More introductions of Marmorkrebs in the wild

Chris Chucholl reported that there are now six confirmed populations in Europe, five of which are in Germany. During my talk, I reported the “breaking news bulletin” that I'd blogged while waiting in line at Starbuck’s for a croissant that Marmorkrebs had been found in Sweden. Tadashi Kawai mentioned that a population had been found in Sapporo, but that it apparently died out.

Other highlights

Marmorkrebs was not the only only game in town in this session, however.

Tonio Garza de YTa discussed his experiences over a decade in working with farmers to develop sustainable, productive, profitable aquaculture for red-clawed crayfish in Mexico. The lessons he had were to develop the market first. There is no point in producing food nobody will buy. Secondly, make sure your product does not give itself away. The red-clawed crayfish got away from their cultured ponds and successfully established populations, which could be harvested more cheaply than the aquacultured crayfish.

Francesca Gherhardi talked about the importance of understanding behaviour of potentially invasive species. To give just one example, she examined the interaction between temperature and fighting between different invasive crayfish species. Spinycheek crayfish (Orconectes limosus) become more less active and more likely to seek shelter as temperatures increase. Signal crayfish (Pacifastacus leniusculus) become less competitive as water warms. Red swamp crayfish (Procambarus clarkii) change their aggressive behaviour very little, meaning swamp crayfish are poised to be the winners as temperatures warm under climate change.

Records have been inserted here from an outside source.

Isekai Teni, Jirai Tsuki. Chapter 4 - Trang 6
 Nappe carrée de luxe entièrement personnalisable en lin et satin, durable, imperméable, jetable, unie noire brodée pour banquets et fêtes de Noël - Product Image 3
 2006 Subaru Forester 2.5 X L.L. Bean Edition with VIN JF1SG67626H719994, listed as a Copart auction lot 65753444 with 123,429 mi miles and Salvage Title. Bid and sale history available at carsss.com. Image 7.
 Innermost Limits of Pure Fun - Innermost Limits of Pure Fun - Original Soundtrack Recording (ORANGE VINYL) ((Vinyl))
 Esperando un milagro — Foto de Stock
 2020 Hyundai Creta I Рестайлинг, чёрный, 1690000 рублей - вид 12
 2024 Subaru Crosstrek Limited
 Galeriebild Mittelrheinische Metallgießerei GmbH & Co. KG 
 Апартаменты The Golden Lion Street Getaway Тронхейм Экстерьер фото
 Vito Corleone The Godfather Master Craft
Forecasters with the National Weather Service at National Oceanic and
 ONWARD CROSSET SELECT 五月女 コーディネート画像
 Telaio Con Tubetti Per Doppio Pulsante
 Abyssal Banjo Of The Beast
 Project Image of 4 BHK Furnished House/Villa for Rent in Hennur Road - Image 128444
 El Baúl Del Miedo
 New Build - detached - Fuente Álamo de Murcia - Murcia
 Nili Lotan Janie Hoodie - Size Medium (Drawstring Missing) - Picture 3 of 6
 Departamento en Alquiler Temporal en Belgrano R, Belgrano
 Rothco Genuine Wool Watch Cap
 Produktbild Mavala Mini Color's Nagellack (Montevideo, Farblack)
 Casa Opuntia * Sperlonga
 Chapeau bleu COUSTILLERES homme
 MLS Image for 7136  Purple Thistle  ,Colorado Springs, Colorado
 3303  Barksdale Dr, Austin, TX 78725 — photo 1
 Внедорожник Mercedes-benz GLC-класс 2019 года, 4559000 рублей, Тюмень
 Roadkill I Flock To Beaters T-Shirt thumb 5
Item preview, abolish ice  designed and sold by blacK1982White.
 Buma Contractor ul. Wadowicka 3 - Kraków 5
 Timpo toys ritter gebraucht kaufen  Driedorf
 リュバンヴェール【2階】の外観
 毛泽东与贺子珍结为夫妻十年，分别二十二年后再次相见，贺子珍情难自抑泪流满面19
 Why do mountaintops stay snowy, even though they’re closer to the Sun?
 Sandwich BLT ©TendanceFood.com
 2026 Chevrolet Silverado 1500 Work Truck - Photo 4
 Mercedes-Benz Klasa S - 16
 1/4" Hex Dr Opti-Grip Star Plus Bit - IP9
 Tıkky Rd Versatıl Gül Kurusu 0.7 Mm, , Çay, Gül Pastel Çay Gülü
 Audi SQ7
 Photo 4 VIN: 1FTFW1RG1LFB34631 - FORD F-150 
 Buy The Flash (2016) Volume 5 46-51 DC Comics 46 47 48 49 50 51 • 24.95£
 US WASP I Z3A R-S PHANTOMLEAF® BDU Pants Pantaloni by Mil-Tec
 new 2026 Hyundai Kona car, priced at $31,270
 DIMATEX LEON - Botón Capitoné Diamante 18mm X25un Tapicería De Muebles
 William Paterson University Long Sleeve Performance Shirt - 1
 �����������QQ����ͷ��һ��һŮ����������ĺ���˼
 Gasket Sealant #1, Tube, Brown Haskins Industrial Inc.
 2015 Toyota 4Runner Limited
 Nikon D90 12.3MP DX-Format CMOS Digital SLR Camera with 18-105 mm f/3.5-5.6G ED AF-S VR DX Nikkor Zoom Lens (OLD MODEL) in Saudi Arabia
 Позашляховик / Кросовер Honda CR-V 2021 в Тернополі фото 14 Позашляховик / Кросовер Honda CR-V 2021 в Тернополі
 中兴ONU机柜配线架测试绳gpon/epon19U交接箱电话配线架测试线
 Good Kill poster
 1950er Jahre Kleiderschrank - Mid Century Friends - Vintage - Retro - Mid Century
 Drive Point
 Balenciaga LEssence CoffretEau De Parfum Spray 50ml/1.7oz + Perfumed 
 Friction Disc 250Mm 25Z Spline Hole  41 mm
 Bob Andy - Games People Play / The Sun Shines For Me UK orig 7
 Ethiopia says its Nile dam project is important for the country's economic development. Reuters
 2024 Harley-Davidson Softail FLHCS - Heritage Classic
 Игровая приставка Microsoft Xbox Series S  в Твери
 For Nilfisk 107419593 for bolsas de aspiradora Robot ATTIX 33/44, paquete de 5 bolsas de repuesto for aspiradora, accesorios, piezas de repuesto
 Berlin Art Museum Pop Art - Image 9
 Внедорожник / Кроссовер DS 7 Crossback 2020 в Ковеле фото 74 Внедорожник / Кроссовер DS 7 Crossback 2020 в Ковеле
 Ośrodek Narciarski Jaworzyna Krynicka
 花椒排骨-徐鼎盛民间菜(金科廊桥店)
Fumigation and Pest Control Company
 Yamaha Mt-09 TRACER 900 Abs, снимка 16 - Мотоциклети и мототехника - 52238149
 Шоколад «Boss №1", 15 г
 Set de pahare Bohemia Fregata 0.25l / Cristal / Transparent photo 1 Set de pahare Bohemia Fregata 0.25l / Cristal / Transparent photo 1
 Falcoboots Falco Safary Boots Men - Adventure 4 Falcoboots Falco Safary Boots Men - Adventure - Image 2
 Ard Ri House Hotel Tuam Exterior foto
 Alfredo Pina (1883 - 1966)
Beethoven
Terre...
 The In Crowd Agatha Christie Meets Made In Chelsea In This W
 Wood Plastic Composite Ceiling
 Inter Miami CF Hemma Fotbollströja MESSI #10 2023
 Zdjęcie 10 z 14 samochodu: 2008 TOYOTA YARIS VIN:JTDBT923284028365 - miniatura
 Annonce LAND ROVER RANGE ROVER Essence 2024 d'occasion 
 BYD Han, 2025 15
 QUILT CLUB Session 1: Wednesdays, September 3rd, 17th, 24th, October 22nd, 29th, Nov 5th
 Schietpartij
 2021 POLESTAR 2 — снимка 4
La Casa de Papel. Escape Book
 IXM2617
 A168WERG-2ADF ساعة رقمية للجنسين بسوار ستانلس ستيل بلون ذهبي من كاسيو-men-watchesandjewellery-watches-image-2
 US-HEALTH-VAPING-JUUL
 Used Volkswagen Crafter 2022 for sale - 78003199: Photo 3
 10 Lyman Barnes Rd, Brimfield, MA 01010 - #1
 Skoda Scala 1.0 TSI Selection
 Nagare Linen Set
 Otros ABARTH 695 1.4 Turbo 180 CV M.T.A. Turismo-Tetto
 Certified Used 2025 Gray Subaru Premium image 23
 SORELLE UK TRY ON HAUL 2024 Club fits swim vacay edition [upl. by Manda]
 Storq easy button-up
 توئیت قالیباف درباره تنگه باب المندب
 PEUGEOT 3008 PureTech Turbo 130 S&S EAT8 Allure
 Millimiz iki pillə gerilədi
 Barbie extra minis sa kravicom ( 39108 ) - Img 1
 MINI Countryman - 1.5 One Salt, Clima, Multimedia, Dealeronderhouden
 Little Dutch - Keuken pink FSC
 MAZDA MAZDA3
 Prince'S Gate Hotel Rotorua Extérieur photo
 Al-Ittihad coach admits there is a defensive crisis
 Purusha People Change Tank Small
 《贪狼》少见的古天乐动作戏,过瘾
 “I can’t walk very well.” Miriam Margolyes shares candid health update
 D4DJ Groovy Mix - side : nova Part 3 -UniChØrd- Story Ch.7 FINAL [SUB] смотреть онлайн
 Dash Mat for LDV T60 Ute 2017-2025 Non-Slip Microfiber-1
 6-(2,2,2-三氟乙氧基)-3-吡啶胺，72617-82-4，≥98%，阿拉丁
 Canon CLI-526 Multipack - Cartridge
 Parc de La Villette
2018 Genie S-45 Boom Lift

Incidentally, my sympathy goes to Francesca, who was having quite severe voice problems. She had to whisper her whole talk. This worked to her advantage, as it gave her presentation an urgent, conspiratorial tone

Keith Crandall talked somewhat about some new research he is co-authoring on crayfish relationships, but much of his talk was geared to discussing tree of life projects, IN particular, I'm excited about opentreeoflife.org. Most taxonomic papers now are published as PDFs, which are great to look at, but hard to re-use any data in them.

The goals of the Open Tree of Life project are, in part, things near and dear to much of the online science community. They want to encourage refinement of the tree, annotation, and promote a culture of data sharing, not simply publication. Currently, people are as consistent about putting things into Treebase or Dryad as they are into GenBank.

Oh yes, and they want to assemble a complete tree of life in three years. Keith mentioned that the National Science Foundation has been supporting various tree of life related projects for about a decade now, and are getting quite eager to see a tree. This project will make it easier to identify holes in the existing tree.